▸ TASK GOAL
Your copy should match the records below exactly, except for the pictures.

▸ STUDY MATERIAL
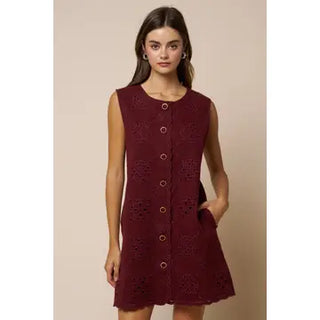 MINI SHIFT DRESS, BURGUNDY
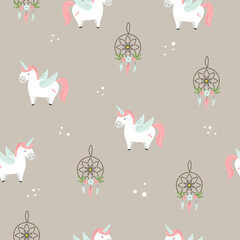 Seamless pattern with cute unicorns and dream catchers in pastel colors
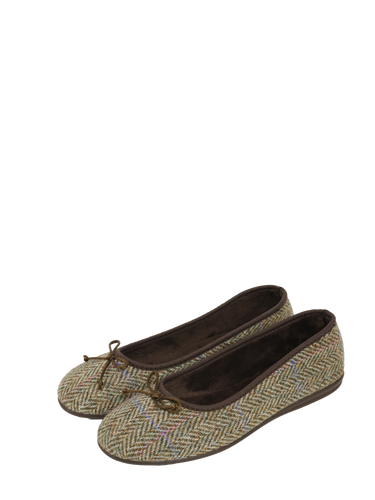 Harris Tweed Ballerina Pumps - Pastel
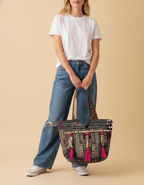 Shell Tassel Handcrafted Tote Bag — Charcoal Tapestry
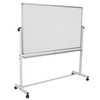 HERCULES Series 64.25"W x 64.75"H Double-Sided Mobile White Board with Pen Tray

▸ YOUR RESPONSE
 MINI SHIFT DRESS, BURGUNDY
 Seamless pattern with cute unicorns and dream catchers in pastel colors
 Harris Tweed Ballerina Pumps - Pastel
 Shell Tassel Handcrafted Tote Bag — Charcoal Tapestry
 HERCULES Series 64.25"W x 64.75"H Double-Sided Mobile White Board with Pen Tray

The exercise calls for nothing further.